▸ **Material supplied**:
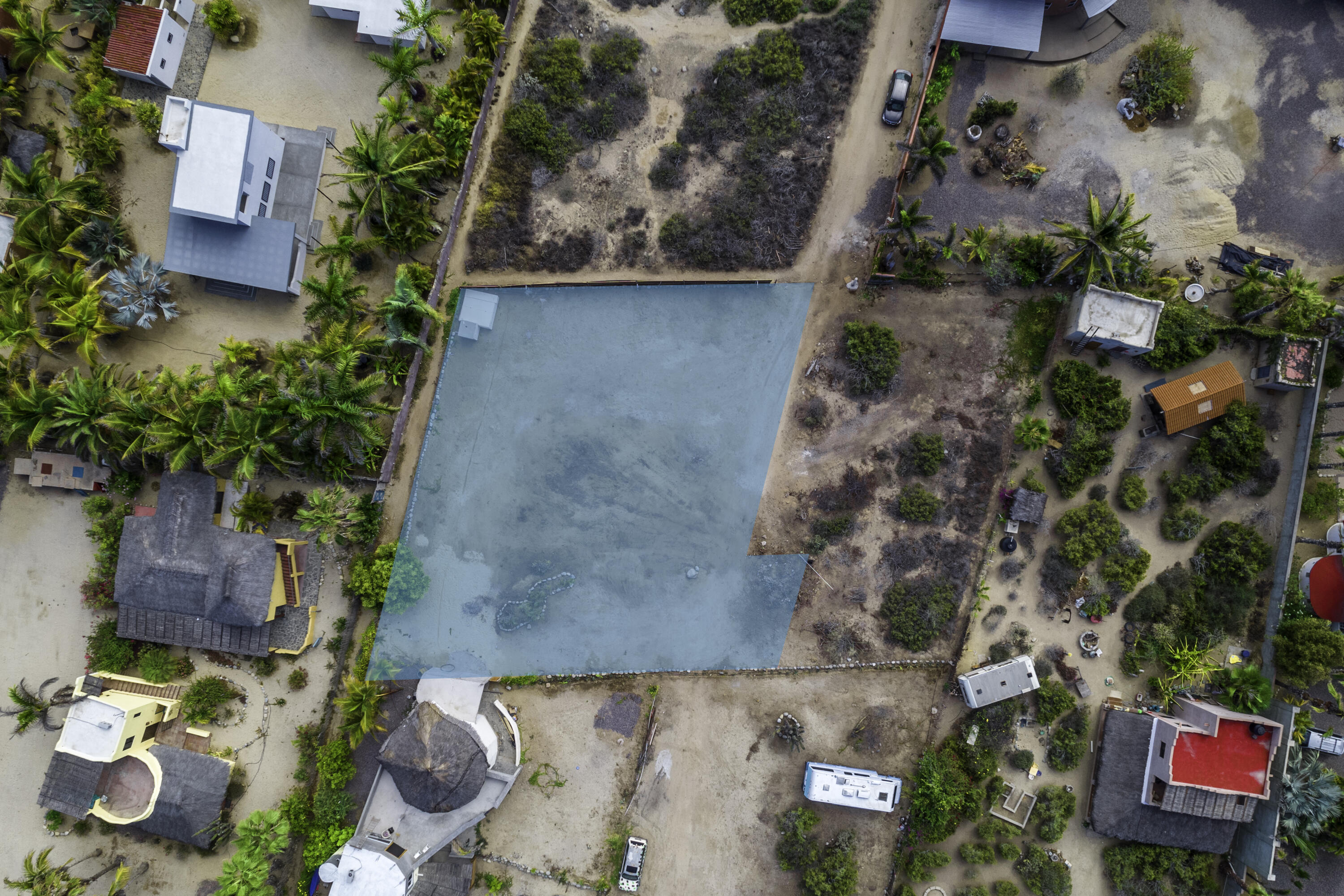 MLS #25-3639 image #4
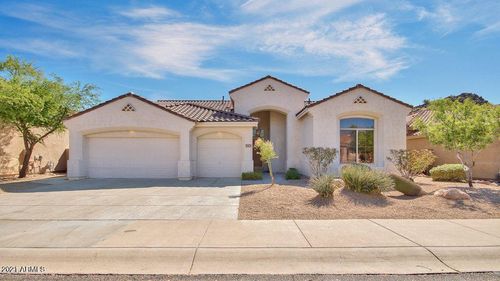 13491 E Estrella Ave, Scottsdale, AZ, 85259-5417 | Card Image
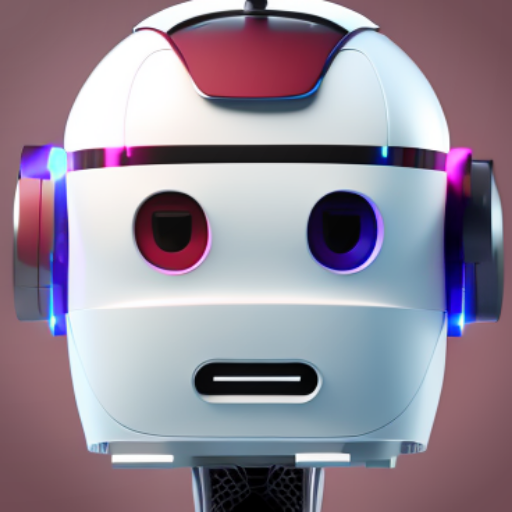 chat GPT-4 chatbot icon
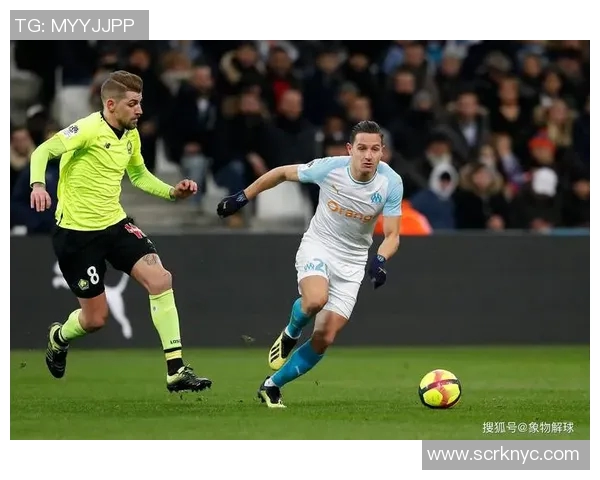 桑普多利亚对萨勒尼塔纳精彩直播全程回顾与分析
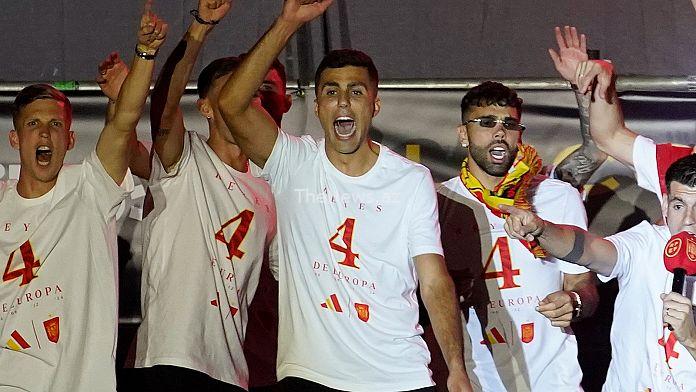 ‘gibraltar-is-spanish’:-row-over-spain-chants-after-euros-win-as-gibraltar-files-complaint-to-uefa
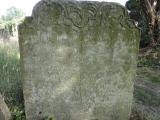 image of grave number 446323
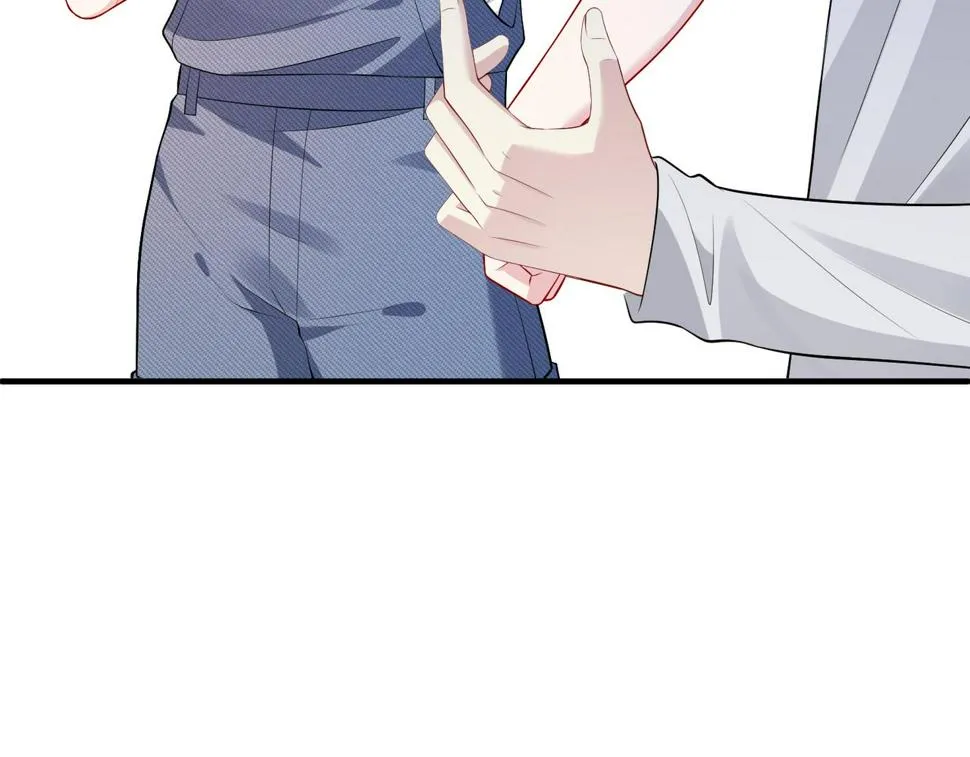 第67话 拯救失足少年 第103页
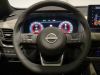 Nissan Qashqai Tekna  e-Power 190 ch Neuve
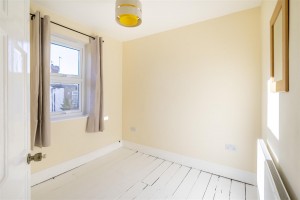 Images for Stamford Street East, York, YO26 4YE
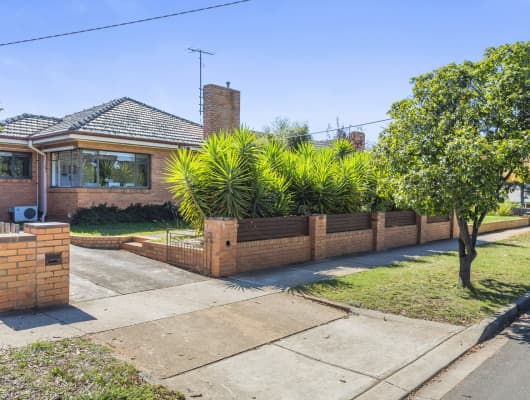 70 Lerderderg St, Bacchus Marsh, VIC, 3340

▸ **Required work**:
The lines to restate word for word run from the line that contains "Nissan Qashqai Tekna" through the end of the entries above, both ends included. Leave out all pictures and write nothing else.

▸ **Solution**:
 Nissan Qashqai Tekna  e-Power 190 ch Neuve
 Images for Stamford Street East, York, YO26 4YE
 70 Lerderderg St, Bacchus Marsh, VIC, 3340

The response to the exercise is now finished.